No, you're not wrong. Not sure how what I wrote conflicts with that. I don't think it does.

> Also, the 80+ Gold power supply is an inefficient choice given then lack of a second GPU

That's what tripped me up, I think. Even without a second GPU, 80+ Gold or better is a good choice.

Your next sentence makes sense though, 1KW PSU's are usually overkill, even if you like to oversize your PSU like I do.

> 80+ Gold or better is a good choice.

The selection was "gold", specifically. And that's not as bad as it might be, but titanium is better across the board and much better at low load. A titanium supply is more efficient at 20% load than a gold supply at 50%, for instance.

If you're over-sizing your power supply by ~60% (as is the case here) then this is significant.

I'll keep that in mind on my next build. The pricing steps up quire radically though, it seems.

But, you build enough "rigs", you learn not to skimp on certain components like PSU's, Cases and Motherboards... which is normally where new builders cut corners.

A caveat is that if you’re going to use multiple GPUs it’s essential to get something like a Threadripper or a Xeon that has the pcie lanes to provide the full 16 lanes or at least 8 lanes to each GPU.
I’ve found that it’s really nice for things like image augmentation, and running RL environments in parallel. But maybe I should be doing augmentation in Dali.
It depends on how intensive your pre-processing pipeline is. With a really fast accelerator you can quite easily start to be bottlenecked by your CPU.
True, but Threadrippers start at 24 cores and go up from there. That's got to be some intense pre-processing. Not impossible I'm sure, but it would be unusual.
Threadripper is the only way to get more than the standard 20 PCIe lanes (and really only 16 lanes to the slots, on all but one board). It's possible that OP would have gone with a lower core count version if one existed, but the minimum buy-in on Threadripper 3000 series is the 24 core model.

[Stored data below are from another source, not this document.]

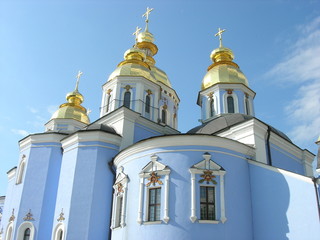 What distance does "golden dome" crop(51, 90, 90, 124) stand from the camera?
2036 cm

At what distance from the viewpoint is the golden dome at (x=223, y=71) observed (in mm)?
17391

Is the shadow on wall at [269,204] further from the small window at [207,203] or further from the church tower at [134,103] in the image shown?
the church tower at [134,103]

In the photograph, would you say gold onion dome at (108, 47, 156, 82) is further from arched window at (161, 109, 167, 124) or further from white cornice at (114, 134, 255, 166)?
white cornice at (114, 134, 255, 166)

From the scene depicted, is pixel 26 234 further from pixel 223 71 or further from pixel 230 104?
pixel 223 71

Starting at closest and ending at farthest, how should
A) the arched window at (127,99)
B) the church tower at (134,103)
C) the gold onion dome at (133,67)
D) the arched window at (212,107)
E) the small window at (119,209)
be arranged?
1. the small window at (119,209)
2. the church tower at (134,103)
3. the arched window at (127,99)
4. the gold onion dome at (133,67)
5. the arched window at (212,107)

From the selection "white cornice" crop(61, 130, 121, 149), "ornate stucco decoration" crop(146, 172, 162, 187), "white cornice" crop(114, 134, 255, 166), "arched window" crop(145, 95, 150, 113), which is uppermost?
"arched window" crop(145, 95, 150, 113)

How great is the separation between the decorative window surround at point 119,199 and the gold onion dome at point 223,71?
322 inches

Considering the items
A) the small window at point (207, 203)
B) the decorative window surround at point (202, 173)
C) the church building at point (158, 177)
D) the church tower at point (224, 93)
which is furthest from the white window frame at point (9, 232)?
the church tower at point (224, 93)

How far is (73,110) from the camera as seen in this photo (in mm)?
20688

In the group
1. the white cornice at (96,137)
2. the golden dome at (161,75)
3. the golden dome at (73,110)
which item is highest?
the golden dome at (161,75)

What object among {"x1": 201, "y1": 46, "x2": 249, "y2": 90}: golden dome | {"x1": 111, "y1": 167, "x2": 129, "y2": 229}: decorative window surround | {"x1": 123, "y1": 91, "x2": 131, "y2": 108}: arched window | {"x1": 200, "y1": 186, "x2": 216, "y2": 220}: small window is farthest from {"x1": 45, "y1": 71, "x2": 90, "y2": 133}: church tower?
{"x1": 200, "y1": 186, "x2": 216, "y2": 220}: small window

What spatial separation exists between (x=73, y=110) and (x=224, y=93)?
30.0 ft

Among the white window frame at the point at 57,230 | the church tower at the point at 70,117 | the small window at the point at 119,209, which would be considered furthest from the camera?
the church tower at the point at 70,117

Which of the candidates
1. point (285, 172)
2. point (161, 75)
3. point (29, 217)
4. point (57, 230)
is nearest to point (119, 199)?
point (57, 230) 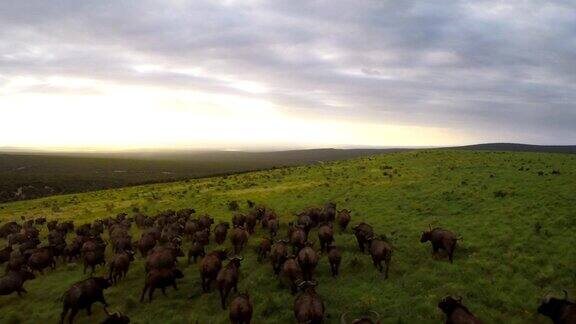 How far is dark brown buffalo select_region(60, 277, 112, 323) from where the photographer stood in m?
16.3

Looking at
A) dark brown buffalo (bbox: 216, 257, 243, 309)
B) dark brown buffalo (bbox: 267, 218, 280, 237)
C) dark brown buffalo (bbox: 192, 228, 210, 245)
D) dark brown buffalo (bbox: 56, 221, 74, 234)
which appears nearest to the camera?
dark brown buffalo (bbox: 216, 257, 243, 309)

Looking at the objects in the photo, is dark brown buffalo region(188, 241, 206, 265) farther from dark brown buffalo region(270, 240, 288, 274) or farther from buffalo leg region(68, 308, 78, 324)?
buffalo leg region(68, 308, 78, 324)

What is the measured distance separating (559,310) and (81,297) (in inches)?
609

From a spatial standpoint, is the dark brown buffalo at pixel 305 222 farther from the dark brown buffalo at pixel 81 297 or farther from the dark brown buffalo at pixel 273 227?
the dark brown buffalo at pixel 81 297

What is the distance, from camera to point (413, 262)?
20188mm

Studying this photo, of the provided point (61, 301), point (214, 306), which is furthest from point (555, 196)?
point (61, 301)

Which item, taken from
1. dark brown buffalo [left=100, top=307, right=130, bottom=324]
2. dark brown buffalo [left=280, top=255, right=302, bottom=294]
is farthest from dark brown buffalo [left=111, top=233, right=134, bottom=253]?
dark brown buffalo [left=280, top=255, right=302, bottom=294]

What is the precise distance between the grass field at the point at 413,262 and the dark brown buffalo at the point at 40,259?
537 mm

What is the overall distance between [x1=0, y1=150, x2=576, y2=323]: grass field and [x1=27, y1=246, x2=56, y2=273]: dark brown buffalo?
1.76ft

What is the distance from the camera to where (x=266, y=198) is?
42031 millimetres

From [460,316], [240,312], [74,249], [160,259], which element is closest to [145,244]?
[74,249]

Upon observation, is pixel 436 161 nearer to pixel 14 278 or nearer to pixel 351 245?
pixel 351 245

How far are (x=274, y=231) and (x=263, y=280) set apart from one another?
24.5ft

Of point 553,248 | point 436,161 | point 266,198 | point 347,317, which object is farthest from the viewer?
point 436,161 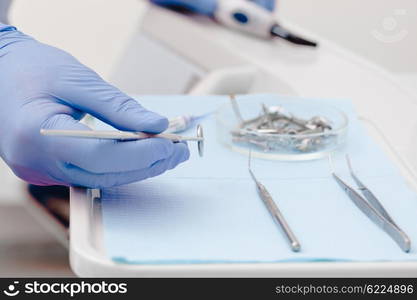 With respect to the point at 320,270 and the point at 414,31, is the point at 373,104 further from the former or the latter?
the point at 320,270

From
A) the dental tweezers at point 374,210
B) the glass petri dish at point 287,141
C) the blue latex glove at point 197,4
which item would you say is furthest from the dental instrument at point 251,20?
the dental tweezers at point 374,210

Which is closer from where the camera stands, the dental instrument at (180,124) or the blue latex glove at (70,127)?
the blue latex glove at (70,127)

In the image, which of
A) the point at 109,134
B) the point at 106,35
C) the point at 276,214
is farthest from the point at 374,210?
the point at 106,35

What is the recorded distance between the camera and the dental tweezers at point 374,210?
589mm

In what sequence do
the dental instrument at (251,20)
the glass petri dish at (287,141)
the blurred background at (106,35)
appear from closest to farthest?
the glass petri dish at (287,141) < the blurred background at (106,35) < the dental instrument at (251,20)

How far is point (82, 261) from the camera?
554 millimetres

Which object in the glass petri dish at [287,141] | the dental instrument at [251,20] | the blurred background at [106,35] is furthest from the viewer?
the dental instrument at [251,20]

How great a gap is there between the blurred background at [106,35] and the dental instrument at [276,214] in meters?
0.32

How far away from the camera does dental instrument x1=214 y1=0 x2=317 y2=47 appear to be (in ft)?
4.11

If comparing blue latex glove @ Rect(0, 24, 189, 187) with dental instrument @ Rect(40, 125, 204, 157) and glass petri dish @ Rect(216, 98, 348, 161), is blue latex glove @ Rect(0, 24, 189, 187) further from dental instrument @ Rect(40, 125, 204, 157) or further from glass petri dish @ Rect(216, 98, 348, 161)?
glass petri dish @ Rect(216, 98, 348, 161)

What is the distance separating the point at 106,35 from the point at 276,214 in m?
0.91

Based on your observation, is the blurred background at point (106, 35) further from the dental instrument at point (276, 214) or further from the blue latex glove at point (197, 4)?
the dental instrument at point (276, 214)

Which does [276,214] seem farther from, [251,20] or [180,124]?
[251,20]

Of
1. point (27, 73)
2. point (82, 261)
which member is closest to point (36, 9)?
point (27, 73) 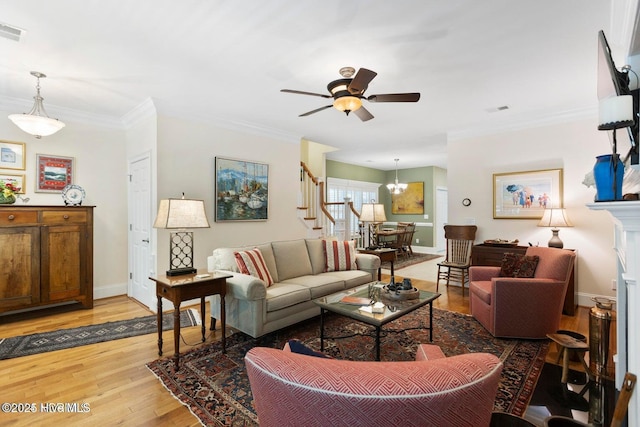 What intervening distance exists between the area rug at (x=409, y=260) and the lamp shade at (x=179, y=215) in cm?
489

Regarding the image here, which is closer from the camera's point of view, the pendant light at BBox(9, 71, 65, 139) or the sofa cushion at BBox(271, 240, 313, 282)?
the pendant light at BBox(9, 71, 65, 139)

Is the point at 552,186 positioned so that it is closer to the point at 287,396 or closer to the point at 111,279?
the point at 287,396

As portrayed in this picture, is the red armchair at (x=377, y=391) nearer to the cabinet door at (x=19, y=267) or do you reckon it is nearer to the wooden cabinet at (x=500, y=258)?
the wooden cabinet at (x=500, y=258)

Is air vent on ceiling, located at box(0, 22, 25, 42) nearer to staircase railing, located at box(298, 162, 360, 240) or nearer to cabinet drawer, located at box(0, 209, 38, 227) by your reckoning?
cabinet drawer, located at box(0, 209, 38, 227)

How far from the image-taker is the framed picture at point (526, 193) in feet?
14.4

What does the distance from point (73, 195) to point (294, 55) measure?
3523 mm

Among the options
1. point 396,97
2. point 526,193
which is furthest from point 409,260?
point 396,97

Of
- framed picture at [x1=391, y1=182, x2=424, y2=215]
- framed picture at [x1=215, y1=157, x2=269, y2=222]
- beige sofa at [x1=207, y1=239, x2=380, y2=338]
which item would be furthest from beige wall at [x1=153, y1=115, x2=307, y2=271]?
framed picture at [x1=391, y1=182, x2=424, y2=215]

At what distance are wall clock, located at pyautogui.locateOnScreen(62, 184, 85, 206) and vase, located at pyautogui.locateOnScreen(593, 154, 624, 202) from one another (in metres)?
5.26

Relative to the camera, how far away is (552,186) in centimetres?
438

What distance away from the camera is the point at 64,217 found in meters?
3.87

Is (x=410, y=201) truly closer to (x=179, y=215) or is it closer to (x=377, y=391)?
(x=179, y=215)

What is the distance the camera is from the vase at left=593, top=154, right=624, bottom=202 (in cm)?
146

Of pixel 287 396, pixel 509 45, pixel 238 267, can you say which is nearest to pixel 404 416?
pixel 287 396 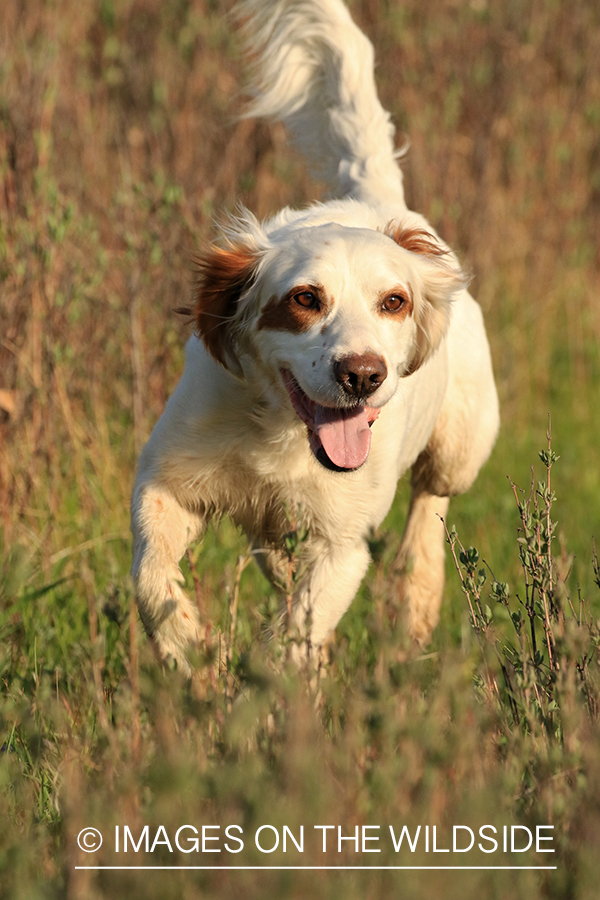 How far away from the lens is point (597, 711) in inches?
89.4

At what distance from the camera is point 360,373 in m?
2.58

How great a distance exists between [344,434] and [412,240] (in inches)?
30.0

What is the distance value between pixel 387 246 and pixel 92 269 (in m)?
2.19

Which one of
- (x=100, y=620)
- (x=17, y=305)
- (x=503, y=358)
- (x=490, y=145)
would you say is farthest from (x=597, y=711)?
(x=490, y=145)

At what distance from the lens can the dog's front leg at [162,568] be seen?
2697 mm

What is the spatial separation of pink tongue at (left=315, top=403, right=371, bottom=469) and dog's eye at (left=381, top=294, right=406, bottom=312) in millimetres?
280

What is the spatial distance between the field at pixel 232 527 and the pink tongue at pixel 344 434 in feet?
1.41

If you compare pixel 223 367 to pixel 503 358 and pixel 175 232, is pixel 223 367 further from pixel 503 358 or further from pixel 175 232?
pixel 503 358

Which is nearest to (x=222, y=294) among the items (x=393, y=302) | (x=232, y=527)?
(x=393, y=302) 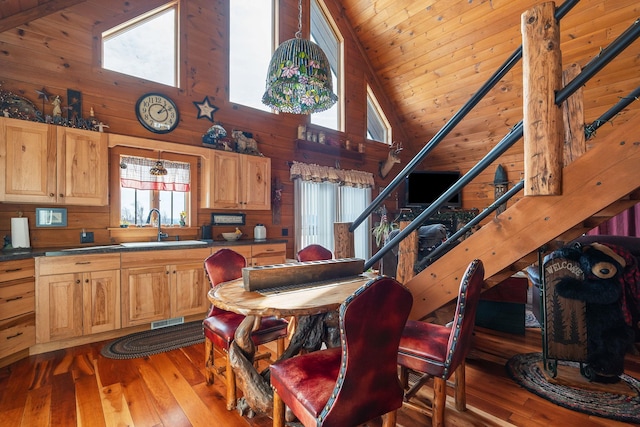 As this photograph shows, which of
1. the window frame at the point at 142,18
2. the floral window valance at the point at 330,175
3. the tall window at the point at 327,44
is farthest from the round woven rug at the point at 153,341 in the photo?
the tall window at the point at 327,44

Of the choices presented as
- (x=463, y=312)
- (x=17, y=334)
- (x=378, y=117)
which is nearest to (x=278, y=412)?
(x=463, y=312)

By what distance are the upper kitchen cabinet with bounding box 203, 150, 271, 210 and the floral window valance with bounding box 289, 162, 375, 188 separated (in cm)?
63

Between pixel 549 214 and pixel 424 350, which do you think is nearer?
pixel 424 350

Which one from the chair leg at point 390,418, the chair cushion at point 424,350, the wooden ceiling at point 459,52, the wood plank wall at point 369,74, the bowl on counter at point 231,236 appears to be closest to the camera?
the chair leg at point 390,418

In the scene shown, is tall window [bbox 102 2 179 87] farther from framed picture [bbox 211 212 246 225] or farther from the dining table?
the dining table

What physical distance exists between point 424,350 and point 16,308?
3.25 metres

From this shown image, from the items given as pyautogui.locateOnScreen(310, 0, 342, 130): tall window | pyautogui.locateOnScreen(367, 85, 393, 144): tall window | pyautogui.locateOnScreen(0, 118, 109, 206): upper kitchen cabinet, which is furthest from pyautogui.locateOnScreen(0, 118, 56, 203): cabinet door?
pyautogui.locateOnScreen(367, 85, 393, 144): tall window

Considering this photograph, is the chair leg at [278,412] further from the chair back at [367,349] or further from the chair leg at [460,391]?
the chair leg at [460,391]

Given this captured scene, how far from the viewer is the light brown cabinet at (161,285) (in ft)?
Result: 10.2

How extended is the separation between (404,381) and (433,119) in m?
5.43

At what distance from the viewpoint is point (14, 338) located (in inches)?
99.7

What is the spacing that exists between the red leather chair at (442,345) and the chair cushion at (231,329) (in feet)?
2.76

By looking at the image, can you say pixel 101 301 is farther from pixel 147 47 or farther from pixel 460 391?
pixel 460 391

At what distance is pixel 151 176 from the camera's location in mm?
3752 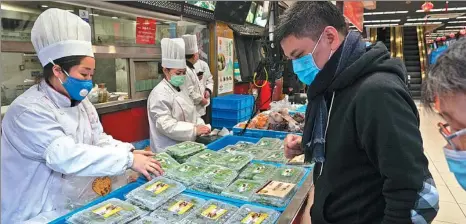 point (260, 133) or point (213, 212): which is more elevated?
point (260, 133)

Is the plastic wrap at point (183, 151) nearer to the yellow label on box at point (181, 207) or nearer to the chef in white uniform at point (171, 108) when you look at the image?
the yellow label on box at point (181, 207)

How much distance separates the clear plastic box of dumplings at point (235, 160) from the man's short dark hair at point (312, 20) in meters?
0.89

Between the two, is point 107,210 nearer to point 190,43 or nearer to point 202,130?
point 202,130

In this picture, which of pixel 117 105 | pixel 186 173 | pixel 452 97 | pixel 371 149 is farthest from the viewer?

tbh this is kind of one of the ideal use-cases for Epyc. And with the way AMD has set up their pricing, it's actually no longer cheaper to use the workstation processors, in some situations it's significantly more expensive, they are really ripping you for the clock speed, and removing a bunch of other features in the process (RDIMM/LRDIMM support, etc). I strongly encourage everyone doing homelab and home ML rigs and similar stuff to really think about whether they want Threadripper, bearing in mind that threadripper is often more expensive than Epyc. It's no longer an obvious choice that server processors are for servers and home users can only afford workstation, it is the other way around.

AMD offers some low-core-count single-socket Epycs that are ideal for "lighting up the platform" tasks like this. Like, 7232P is a $450 processor and the 7402P is $1150. And they don't offer anything like that on Threadripper. They clock slower, sure, but they're not really using the CPU anyway. And that gets you a full 128 PCIe lanes, octochannel memory and RDIMM/LRDIMM support so they can stack in the memory.

If they want to game on it in their spare time then sure, Threadripper is probably the way to go.

+1. EPYC 7282/7302P/7402P is cheaper than we expect and gets massive RAM/IO capabilities. M/B is also not so expensive.+1. EPYC 7282/7302P/7402P is cheaper than we expect and gets massive RAM/IO capabilities. M/B is also not so expensive. Downside is that higher clock SKU of EPYC is expensive.
Threadripper Pro is an ideal processor (higher clocked Epyc). Unfortunately it's OEM only at this point.